Although flash détente is widely employed in Europe, South America and Australia, only a dozen such systems are in use in the United States, and most of those are in large-scale vineyard operations in California.
Black Star Farms’ system is a Della Toffola version that caters to small producers, processing up to 5 tons per hour. For this first year, Black Star Farms is charging vineyards a discounted rate of about $150 a ton to process their fruit.
“To give you an idea of the discount, they’re charging somewhere between $350 to $450 a ton to process the fruit in California,” he said. Even at the higher rate, that equates only to about 40 to 45 cents per finished bottle of wine. “If it makes the wine that much better, it’s really a marginal cost.”
Into the red
Reds can be difficult in Michigan mainly because of the weather. In some years, red grapes struggle to fully ripen.
In wet years, they can accumulate methoxypyrazines, which can confer a vegetable taste, often described as green bell pepper or asparagus, to the wine. “We had a couple of challenging years in 2014 and 2015, so I was trying to look at alternative technology that might help, and flash détente was something that kept coming up,” Lutes said.
Black Star Farms applied for and received a $210,000 grant from the Michigan Department of Agriculture and Rural Development to help purchase the approximately $500,000 system, installed it over the summer, and began inviting vineyards from throughout the state to give it a try with their 2017 harvests.
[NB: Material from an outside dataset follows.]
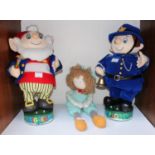 Two 'Blyton's Toyland' musical figures, Big Ears and Mr Plod, on circular bases, 40cm tall, together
The flash détente process begins with destemming and crushing the grapes and pumping them into a machine that separates the juice from the pulp.
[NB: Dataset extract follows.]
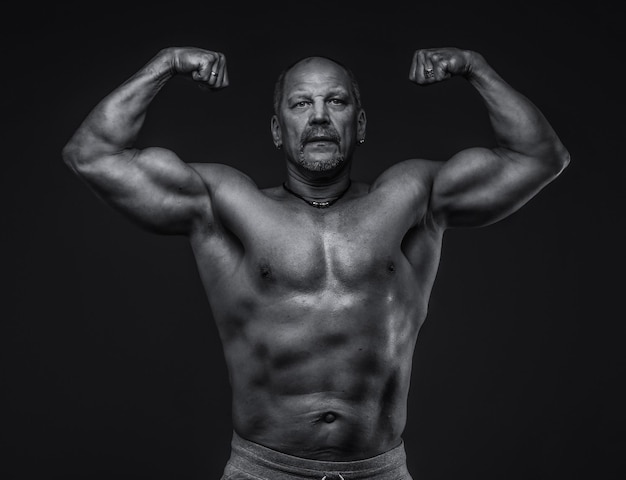 Homem de meia idade muscular posando no estúdio. Isolado em cinza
The juice and the crushed grapes go into separate heating chambers where they are warmed slowly to between 170 and 195 degrees based on the grapes and the desired outcome.
The heating process kills any microbial populations that may have come in from the vineyard, so it removes things like fungus, rot and other organisms that can contribute to spoilage and affect a wine’s quality, Lutes said.
“When we make wine normally, we put it through the crusher and add yeast to it for fermentation, but the yeast takes a while to really take off, and in that first 48 to 72 hours, those microbes can start to degrade the fruit, which can also degrade the wine. In this flash détente process, you’ve eliminated those microbes, so you’re getting a cleaner fermentation and a purer expression of the fruit.”
Methoxypyrazines and other offensive compounds in some varieties are eliminated in this heating stage, which consequently removes unpleasant vegetable tastes and odors.
The next step in the flash détente system is the “flash” phase. The juice and grape pomace are mixed together at desired rations and go into a vacuum tank that provides rapid cooling under negative pressure.
“Here, the cell structure of the grape skins rupture, and when that happens, they release their color and their tannins, which is what we’re looking for in red wines to give them some structure,” Lutes said, noting that the additional color and tannins can be especially beneficial for grapes that are unable to fully mature.
Two things emerge from the flash phase. One is a very dark, soupy must, which is poured into bins for return shipment to wineries for fermentation. The other is steam that is re-condensed during cooling, and yields “flash water” that can be collected and analyzed for impurities, consequently revealing compounds that would have been in the fruit had it not been flashed.
Much to learn
While he is excited about the prospects of flash détente, Lutes doesn’t expect it to change Michigan reds overnight. As with any new system, he noted, it takes time to figure out how to use it most effectively. In the heating part of the process, for instance, even small temperature changes may be better suited to certain types of grapes, specific growing conditions or seasonal weather patterns.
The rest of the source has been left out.